The result has been a school-to-prison pipeline that acts as many kids’ first exposure to the criminal justice system — and it can lead to more interactions with the justice system later on, because the lost school time and bad marks on kids’ records can make it much more difficult to get ahead.

According to some research, just having a police officer on school grounds can lead to higher exposure to the criminal justice system and punitive policies. A report from the Justice Policy Institute found schools with school resource officers have nearly five times the rate of arrests for disorderly conduct as schools without officers, even though the prevalence of law enforcement in schools has little relationship to reported crime rates.

A report from the Justice Policy Institute found schools with school resource officers had nearly five times the rate of arrests for disorderly conduct as schools without school resource officers, even though the prevalence of school resource officers in Justice Policy Institute

Exposure to the school-to-prison pipeline is also unequal by race and income.

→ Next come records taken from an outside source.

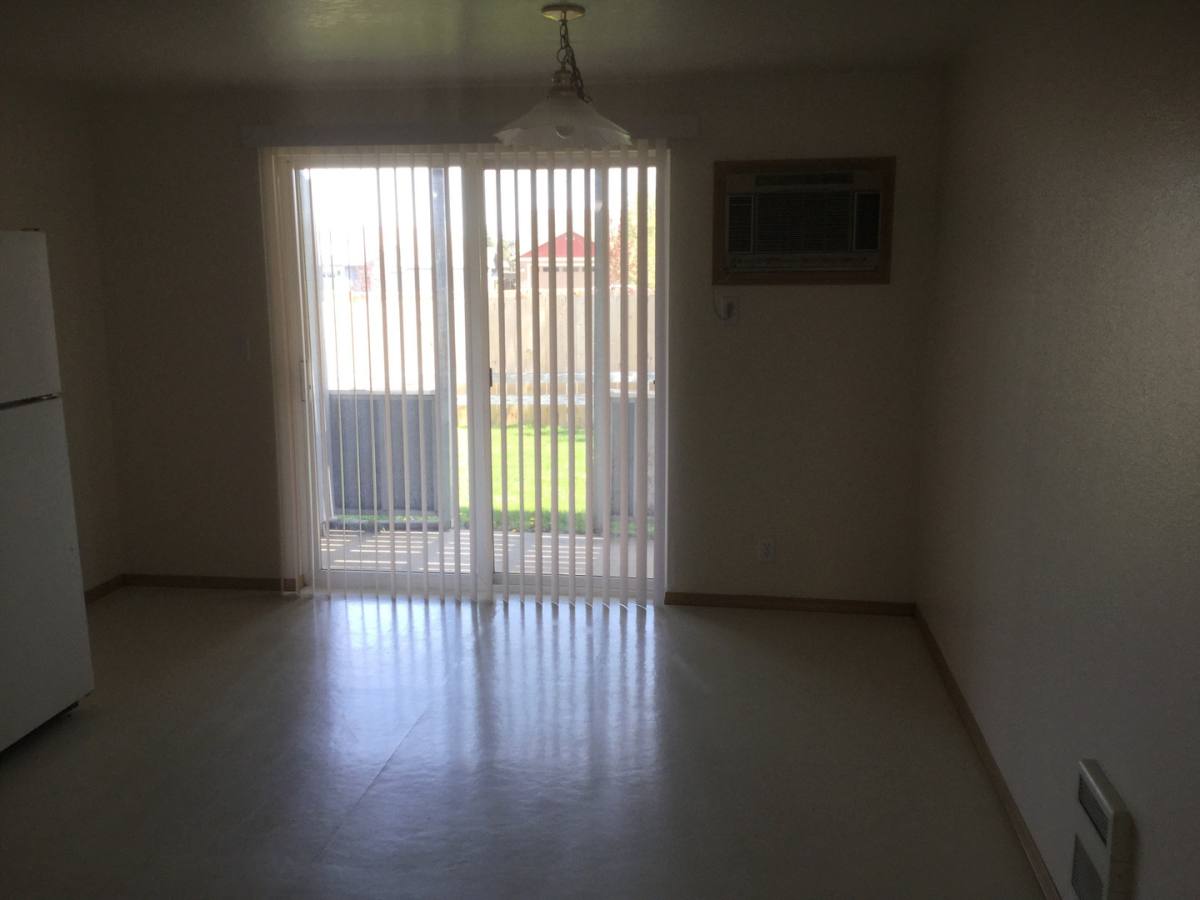 Apartment for rent at 438 NW 17th St, Redmond, OR 97756
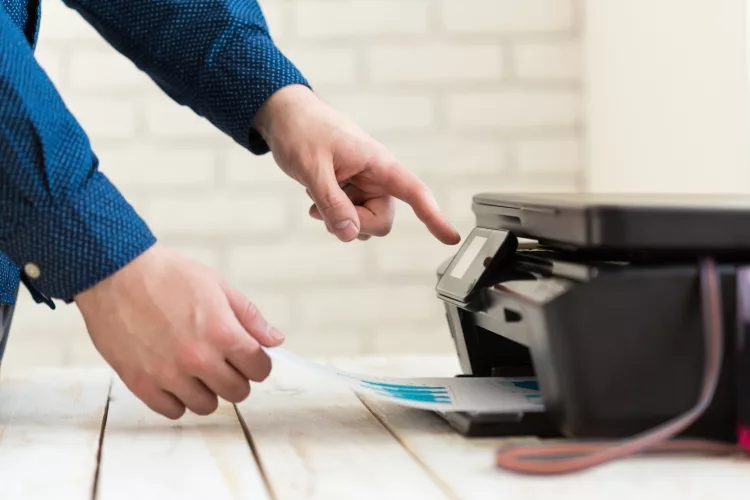 How to Use Staples Laminator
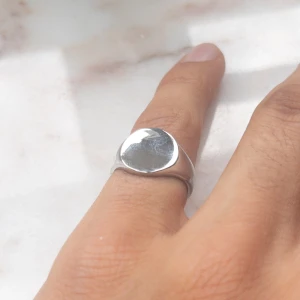 Ring - Yomie har fina kvalitativa prisvärda ringar som endast kostar 99kr 💕 Alla är vattentäta och gjorda av rostfritt stål 💛 Ringarna orsakar alltså inga utslag 💕Denna ring är justerbar & i färgen silver 💛 För fler frågor/bilder skicka ett meddelande💕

A study published in Sociology of Education of more than 60,000 schools found that schools with relatively larger minority and poor populations are more likely to implement criminalized disciplinary policies — such as suspensions, expulsions, police referrals, and arrests — and less likely to treat students by, say, connecting them to psychological or behavioral care.

Federal investigations and reports have similarly found that black students are punished more harshly than white students in schools, even when black and white students engage in identical or similar behavior.

The result is a pipeline that not only shuffles more students from school to prison but affects black students in particular.